MY DEAR BROTHER,-‐-‐I can no longer refuse myself the pleasure of

profiting by your kind invitation when we last parted of spending some

weeks with you at Churchhill, and, therefore, if quite convenient to you

and Mrs. Vernon to receive me at present, I shall hope within a few days to

be introduced to a sister whom I have so long desired to be acquainted

with. My kind friends here are most affectionately urgent with me to

prolong my stay, but their hospitable and cheerful dispositions lead them

too much into society for my present situation and state of mind; and I

impatiently look forward to the hour when I shall be admitted into Your

delightful retirement.

I long to be made known to your dear little children, in whose hearts I

shall be very eager to secure an interest I shall soon have need for all my

fortitude, as I am on the point of separation from my own daughter.

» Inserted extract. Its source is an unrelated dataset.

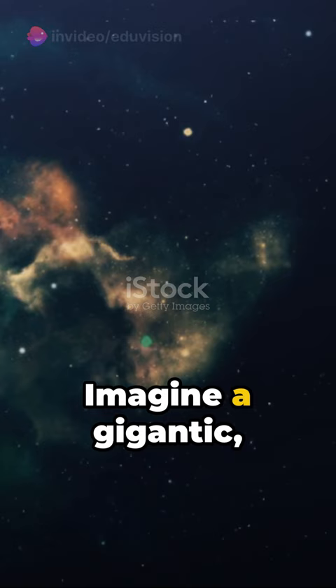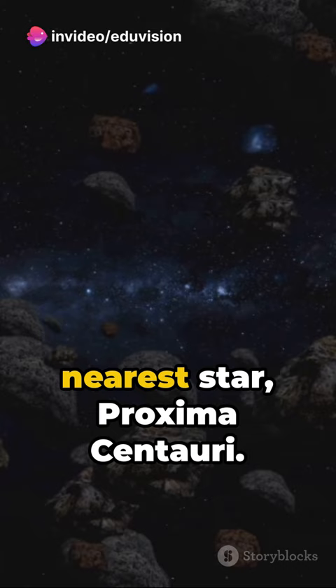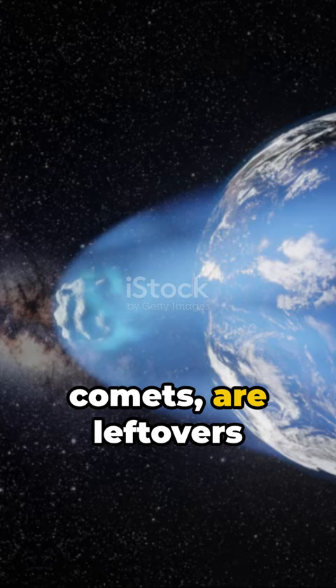Imagine a gigantic thick bubble wrapping around our solar system, extending nearly halfway to the nearest star, Proxima Centauri. That's the Oort Cloud for you. These icy bodies, or comets, are leftovers from the birth of our solar system around 4.5 billion years ago.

The

long illness of her dear father prevented my paying her that attention

which duty and affection equally dictated, and I have too much reason to

fear that the governess to whose care I consigned her was unequal to the

charge. I have therefore resolved on placing her at one of the best

private schools in town, where I shall have an opportunity of leaving her

myself in my way to you. I am determined, you see, not to be denied

admittance at Churchhill. It would indeed give me most painful sensations

to know that it were not in your power to receive me.